Boosted By Bold Digital Turnaround, Caesars Entertainment Reports Strong Q1 2023 Financial Results

From vertiginous loss to near break-even in only a year, Caesars Entertainment’s bold digital gambit appears to be on the cusp of paying off big time as the US gambling giant, like most its peers, reports strong financial results for the first quarter of the year.

Caesars Digital–featuring the company’s iGaming and sportsbook operations–reported a same-store Adjusted EBITDA loss of US$4 million (£3.18m), compared to a loss of US$554 million (£440.55m) for Q1 2022.

“Caesars Entertainment is poised to capitalize on the tremendous opportunities available in the dynamic and rapidly-evolving iGaming and sports betting market,” affirmed CEO Tom Reeg.

“[And] our digital segment was nearly break-even in the quarter despite launching operations in Ohio and Massachusetts.”

Overall, Caesars’ net revenues rose to US$2.8 billion (£2.22bn) across the quarter, compared to US$2.3 billion (£1.82bn) in the same period last year — with same-store Adjusted-EBITDA of US$958 million (£761.82m), against the US$296 million (£235.36m) of Q1 2022.

Growth was driven in several key areas, notably Las Vegas and regional gaming properties and, as mentioned, the hyper improved performance of its digital vertical.

Viva Vegas

Vegas net revenue increased by 23.7 percent; while same-store Adjusted EBITDA rose by 33.3 percent to US$533 million (£423.85).

Regional net revenues grew fractionally, by 2.2 percent, with same-store Adjusted EBITDA of US$448 million (£388.06).

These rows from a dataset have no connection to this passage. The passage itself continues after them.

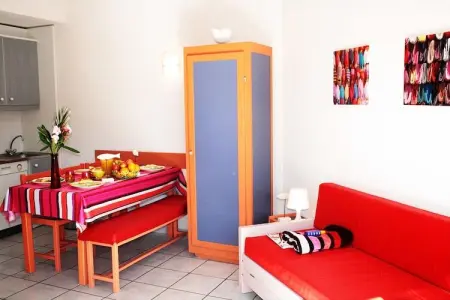 Location Gîte à Saint Cyprien 6 personnes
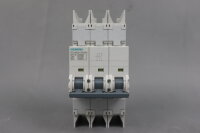 Siemens 5SJ4320-7HG42 Leistungsschutzschalter 20A 400V...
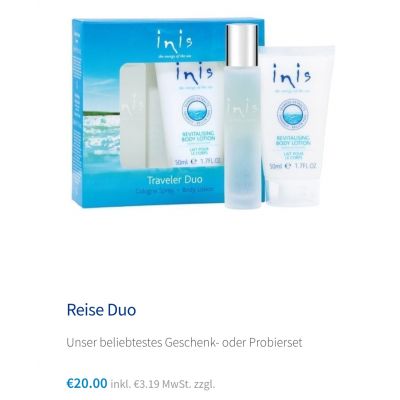 Screenshot 20251216 221459 Chrome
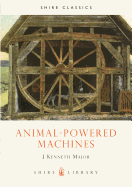 Animal-Powered Machines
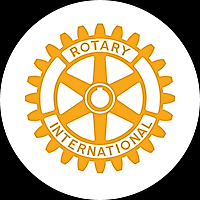 Rotary International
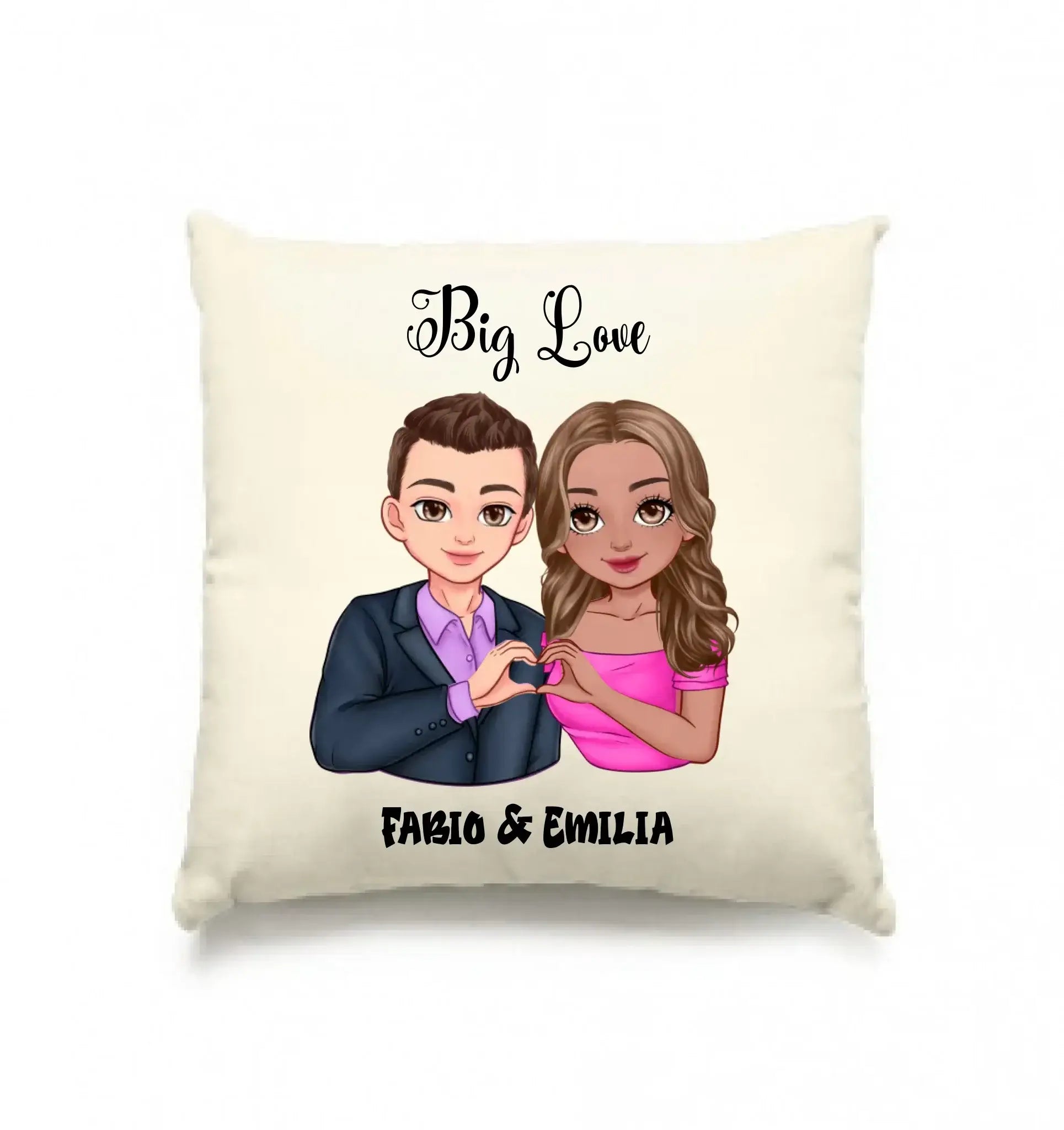 kissen-natur-40x40cm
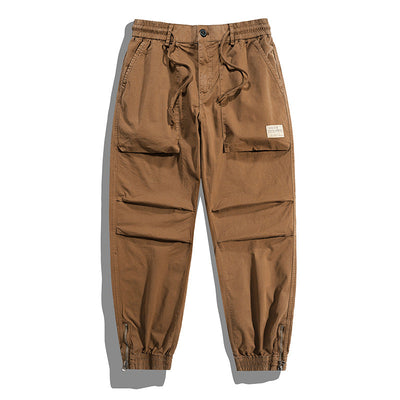 Tobías® | Pants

With Caesars Digital moving significantly into the positive fiscal column, the company is citing partnerships and tie-ins with a number of top-tier providers and suppliers, among them Scientific Games, IGT and Playtech, as key to projected success.

Summarised Reeg:

“[We] have a strong brand and a proven track record of delivering high-quality gaming experiences to customers around the world, with a focus on innovation and growth.

“We delivered another strong quarter led by a new Q1 Adjusted-EBITDA record in Las Vegas [and] results in our regional segment remained consistent with prior quarters, especially when excluding the impact of bad weather in northern Nevada during the quarter.”

Indeed, it would appear that for Reeg and Caesars only fair days lie ahead.